The response to position is different: The carotid pulse never varies with position. The venous pulsations classically do so. In fact, as the patient sits up or stands, they move down toward the clavicle and may even disappear below it. Conversely, as the patient reclines, venous pulsations gradually climb toward the angle of the jaw. They may even disappear behind the auricle.
The response to respiration is different: In the absence of intrathoracic disease (and Kussmaul’s sign—see questions 115–118), the top of the venous waveform descends toward the heart during inspiration (because of lower intrathoracic pressure and greater venous return). The carotid pulse, instead, remains unchanged. The only exception is pulsus paradoxus, and even in this case, the variation is rarely visible, at most palpable. Note that inspiration makes jugular “pulsations” more visible (by enhancing venous return), even though it also lowers the mean jugular “pressure.”

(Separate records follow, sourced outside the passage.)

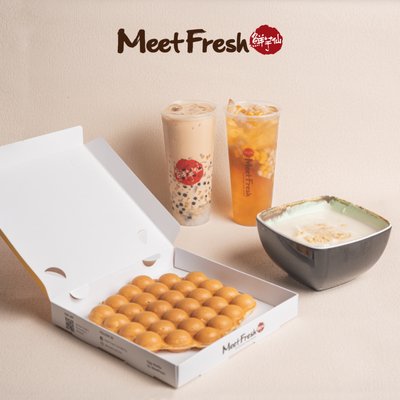 Meet Fresh by null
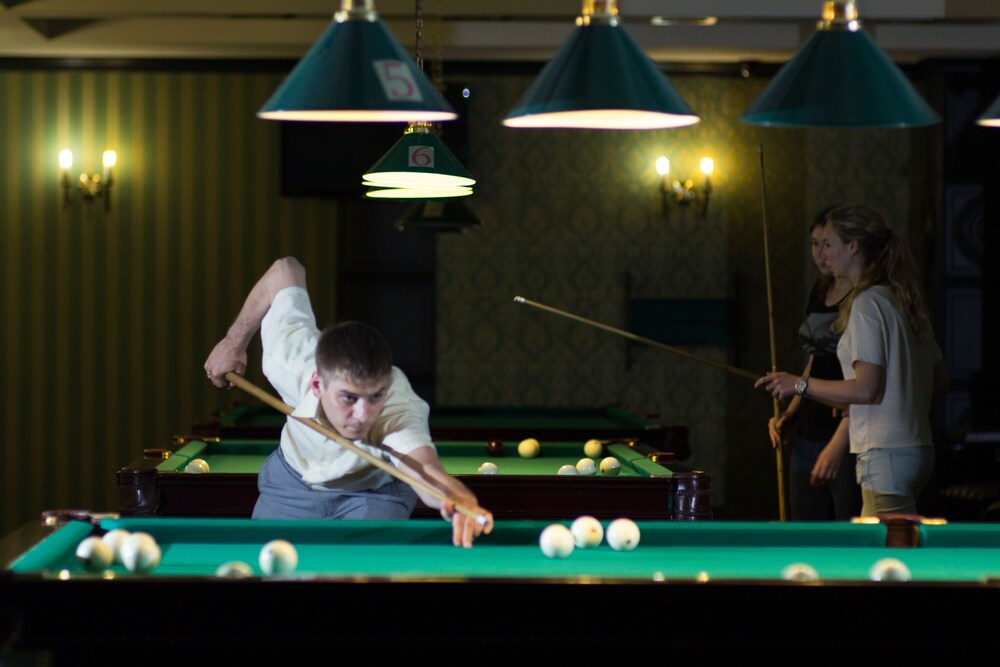 Billiards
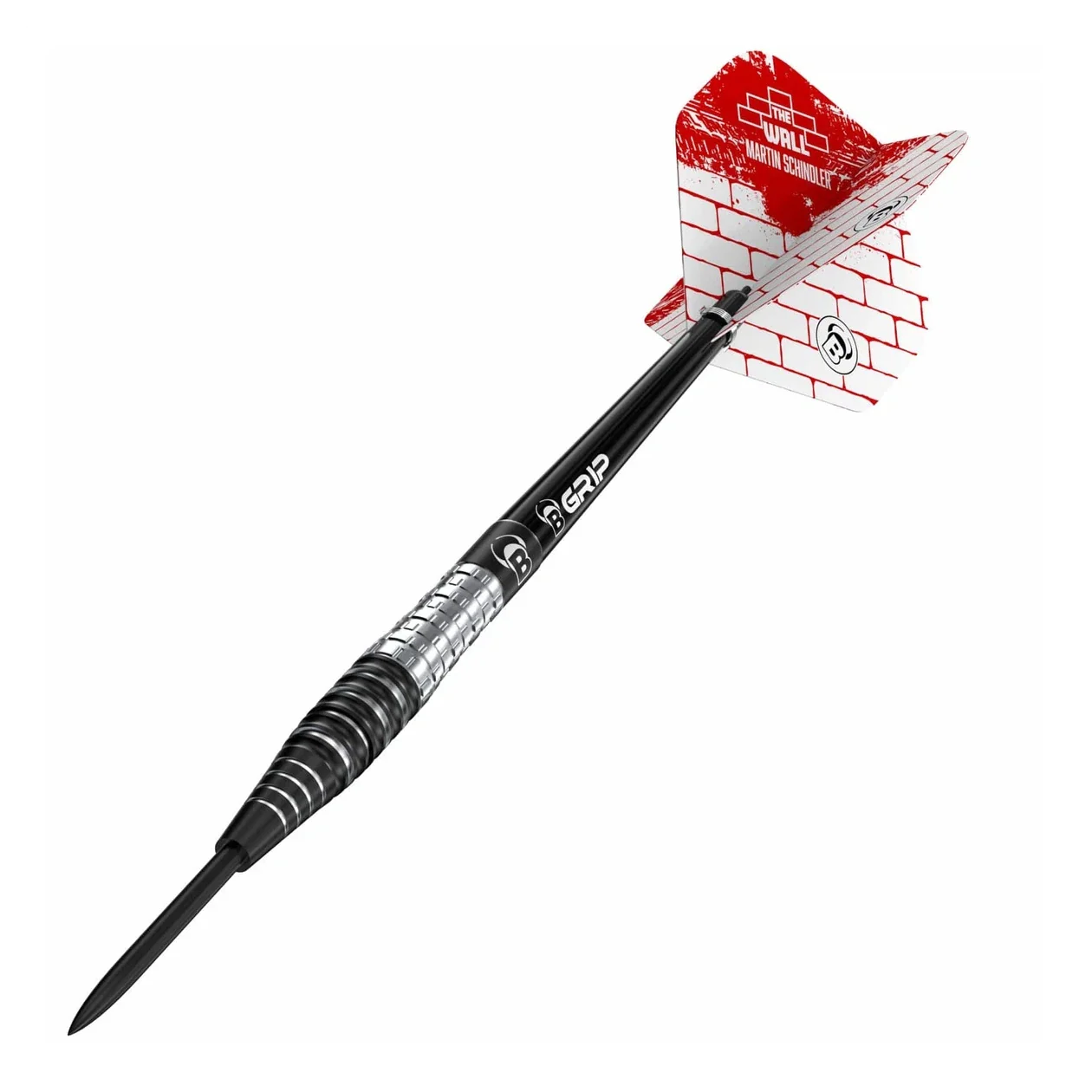 Bulls Martin Schindler Generation 3 - 90% Tungsten Steel Dart 23g - Image 2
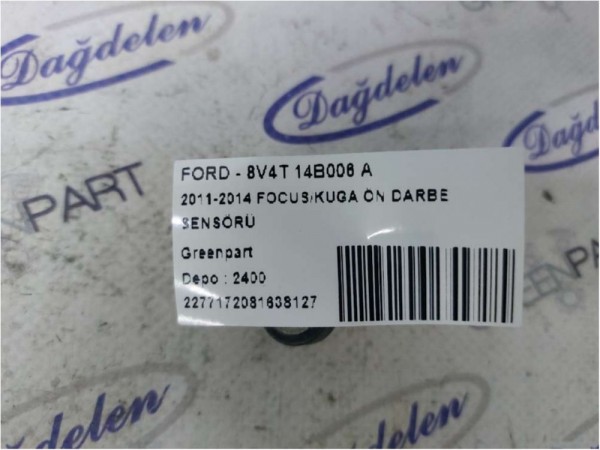 2011-2014 FOCUS/KUGA ÖN DARBE SENSÖRÜ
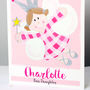 Personalised Fairy Relation Birthday Card, thumbnail 4 of 7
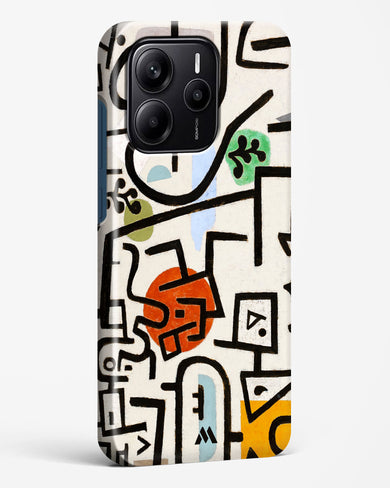 Rich Port [Paul Klee] Hard Case Phone Cover (Xiaomi)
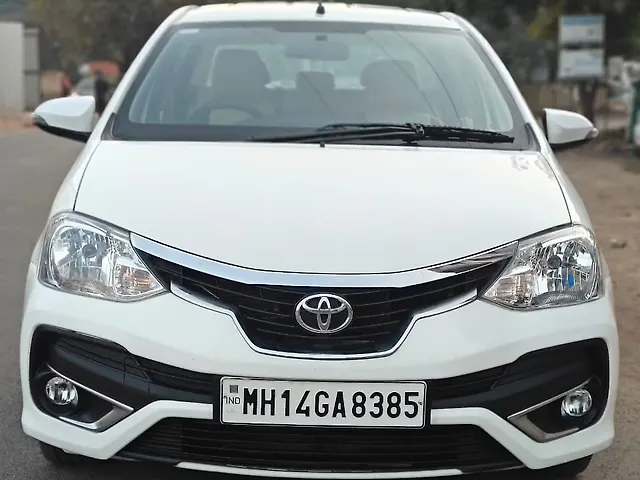 Used 2017 Toyota Etios in Nashik
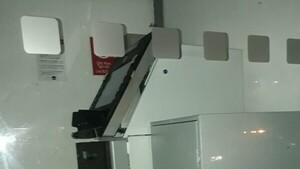 Tres hombres intentaron sin éxito robar un cajero automático en Asunción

The response to palpation is different: The jugular venous pulse is too light to be palpable. Even gentle pressure will collapse the vein, engorge its more distal segment, and obliterate the pulse. Conversely, the carotid is not only palpable but quite forceful too.
The response to abdominal pressure is different: Sustained pressure on the abdomen (the abdominojugular reflux test, see questions 106–114) will not change the carotid pulse, but will increase (at least momentarily) even the normal venous pulse (see Table 10-3).
Table 10-3 Differentiation Between Jugular and Carotid Pulses
Characteristic | Internal Jugular Vein and Jugular Venous Pulse | Carotid Artery and Carotid Pulse |
---|---|---|
Location | Low in neck and lateral | Deep in neck and medial |
Contour | Double peaked and diffuse | Single peaked and sharp |
Character | Undulant, not palpable | Forceful, brisk, easily felt |
Response to position | Varies with position | No variation |
Response to respiration | Mean pressure decreases on inspiration (height of column falls), but A and V waves become more visible | No variation |
Response to abdominal pressure | Displaces pulse upward and induces transient increase in mean pressure | Pulse unchanged |
Effect of palpation | Wave visible but nonpalpable | Pulse unchanged |
Gentle pressure 3–4 cm above the clavicle obliterates pulse and fills the vein | Vessel difficult to compress |
(Adapted from Cook DJ, Simel N: Does this patient have abnormal central venous pressure? JAMA 275:630–634, 1996; and Abrams J: Essentials of Cardiac Physical Diagnosis. Philadelphia, Lea & Febiger, 1987.)
79 How do you evaluate the jugular venous pulse?
With great difficulty and lots of practice.
Examine the right internal jugular vein (which is in more direct line with the right atrium).
Position the patient at such an angle that the jugular meniscus (i.e., the top of the venous flickering) is well seen. Shine a light tangentially to better visualize the flickering.
Carefully inspect the level of the venous column and the timing and amplitude of the waveform and its components. Note respiratory variations (see questions 84 and 85).
80 What are the components of the jugular waveform?
On venous tracing, the jugular pulse consists of three positive waves (A, C, and V) and three negative descents (X, X1, and Y). The A wave is followed by the X descent, the C wave by the X1 descent, and the V wave by the Y descent.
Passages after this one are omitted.